[petsc-users] large PetscCommDuplicate overhead

Wed Oct 5 15:41:53 CDT 2016

> On Oct 5, 2016, at 2:30 PM, Matthew Overholt <overholt at capesim.com> wrote:
> 
> Hi Petsc-Users,
>  
> I am trying to understand an issue where PetscCommDuplicate() calls are taking an increasing percentage of time as I run a fixed-sized problem on more processes.
>  
> I am using the FEM to solve the steady-state heat transfer equation (K.x = q) using a PC direct solver, like MUMPS.
>  
> I am running on the NERSC Cray X30, which has two Xeon's per node with 12 cores each, and profiling the code using CrayPat sampling.
>  
> On a typical problem (1E+6 finite elements), running on a single node:
> -for 2 cores (1 on each Xeon), about 1% of time is PetscCommDuplicate (on process 1, but on the root it is less), and (for reference) 9% of total time is for MUMPS.
> -for 8 cores (4 on each Xeon), over 6% of time is PetscCommDuplicate (on every process except the root, where it is <1%), and 9-10% of total time is for MUMPS.
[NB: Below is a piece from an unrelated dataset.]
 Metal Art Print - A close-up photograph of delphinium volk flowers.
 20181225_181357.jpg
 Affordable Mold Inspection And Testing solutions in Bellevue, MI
   What does PetscCommDuplicate() have to do with MUMPS? Nothing at all, you are just giving its time for comparison?

>  
> What is the large PetscCommDuplicate time connected to, an increasing number of messages (tags)?  Would using fewer MatSetValues() and VecSetValues() calls (with longer message lengths) alleviate this?

   No PetscCommDuplicate won't increate with more messages or calls to XXXSetValues(). PetscCommDuplicate() is only called essentially on the creation of new PETSc objects.  It should also be fast since it basically needs to do just a MPI_Attr_get(). With more processes but the same problem size and code there should be pretty much the same number of objects created. 

   PetscSpinlockLock() does nothing if you are not using threads so it won't take any time.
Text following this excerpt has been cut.